- _Source data_:
____________________

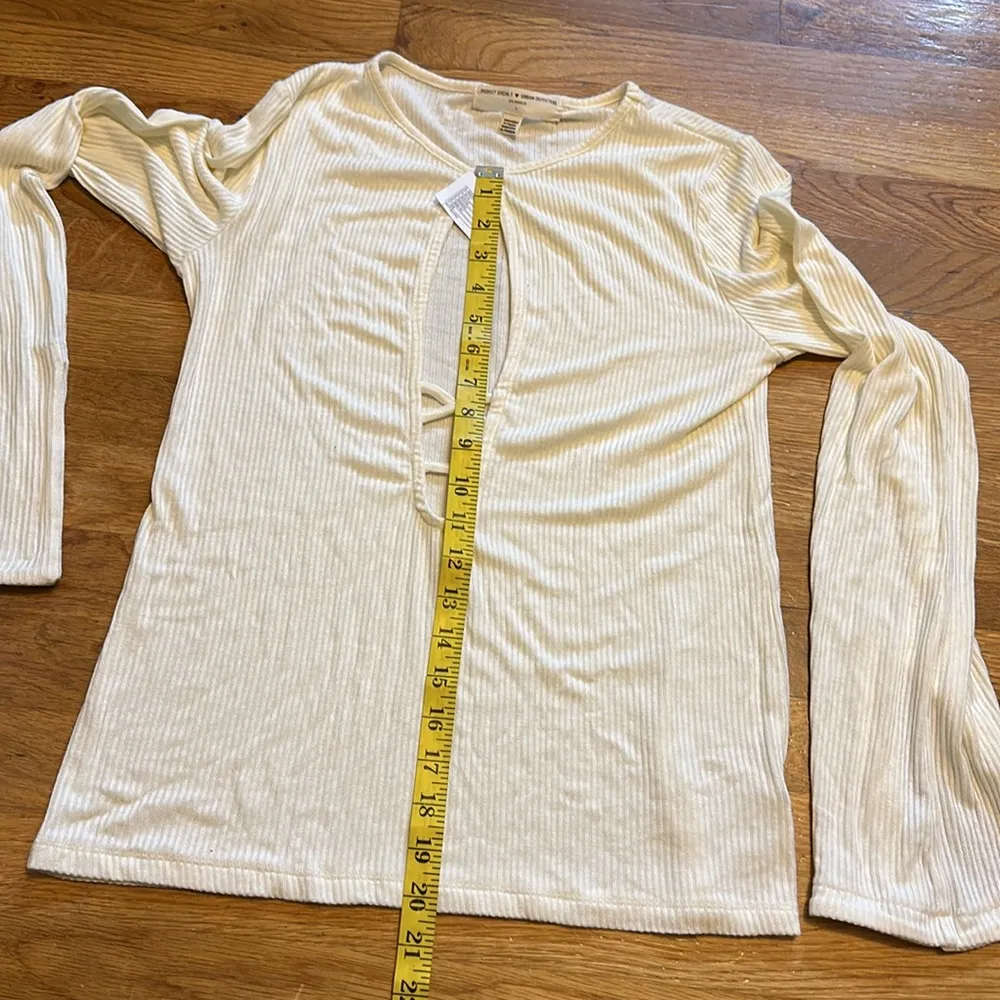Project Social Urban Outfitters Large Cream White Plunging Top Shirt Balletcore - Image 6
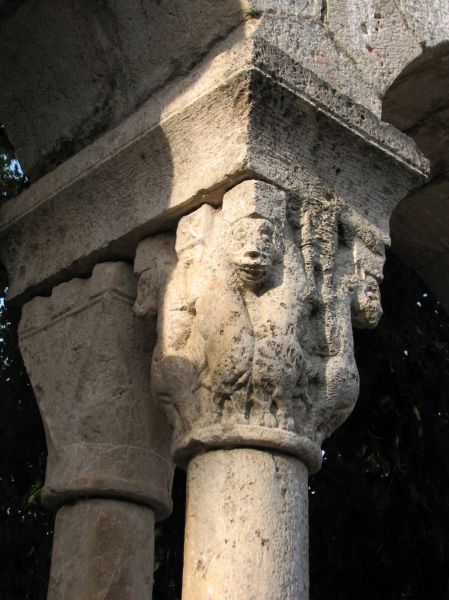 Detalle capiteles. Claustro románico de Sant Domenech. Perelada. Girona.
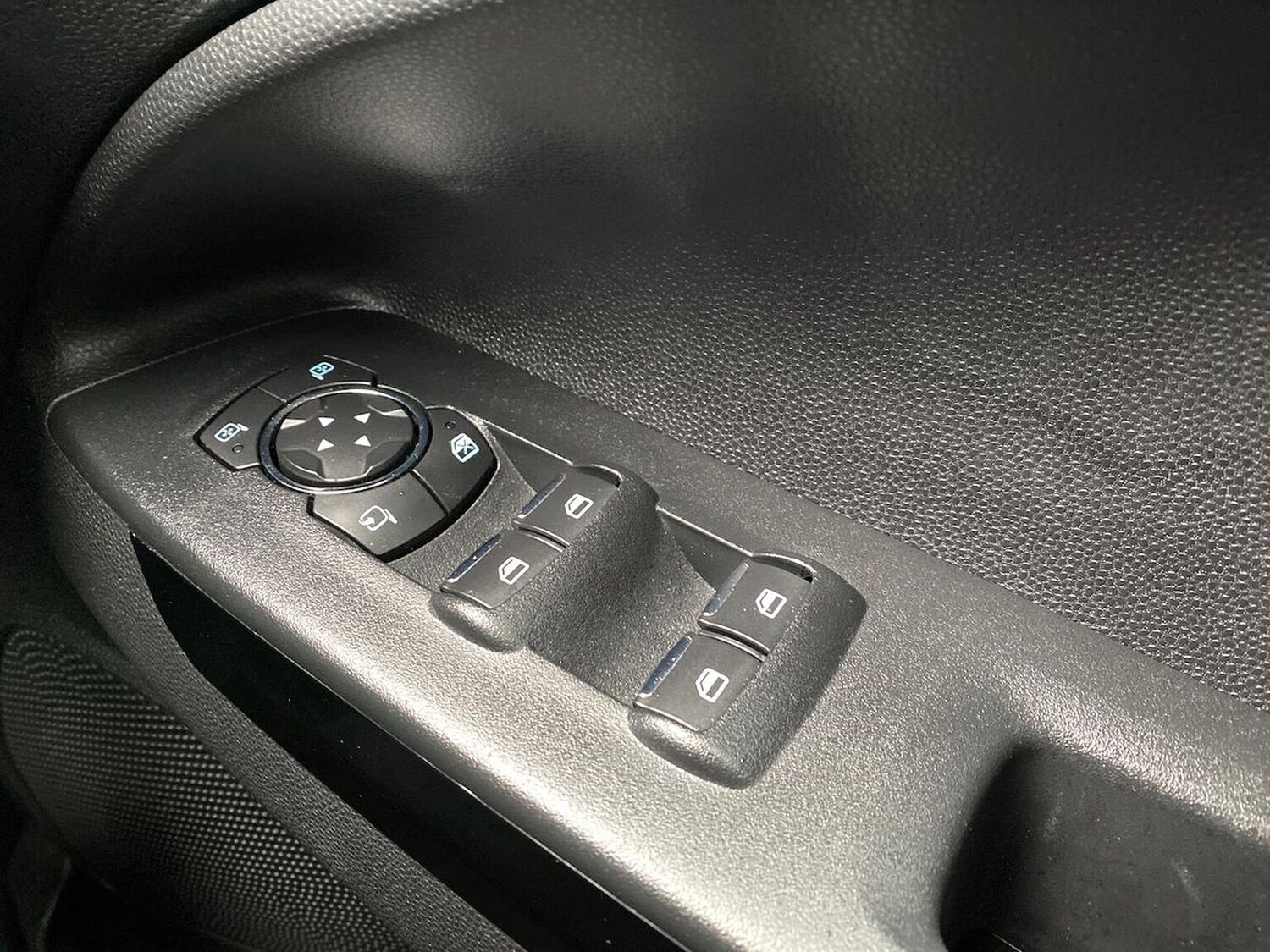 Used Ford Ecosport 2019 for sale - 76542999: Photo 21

____________________

Where the material contains pictures, leave them out and copy the rest verbatim.

Project Social Urban Outfitters Large Cream White Plunging Top Shirt Balletcore - Image 6
 Detalle capiteles. Claustro románico de Sant Domenech. Perelada. Girona.
 Used Ford Ecosport 2019 for sale - 76542999: Photo 21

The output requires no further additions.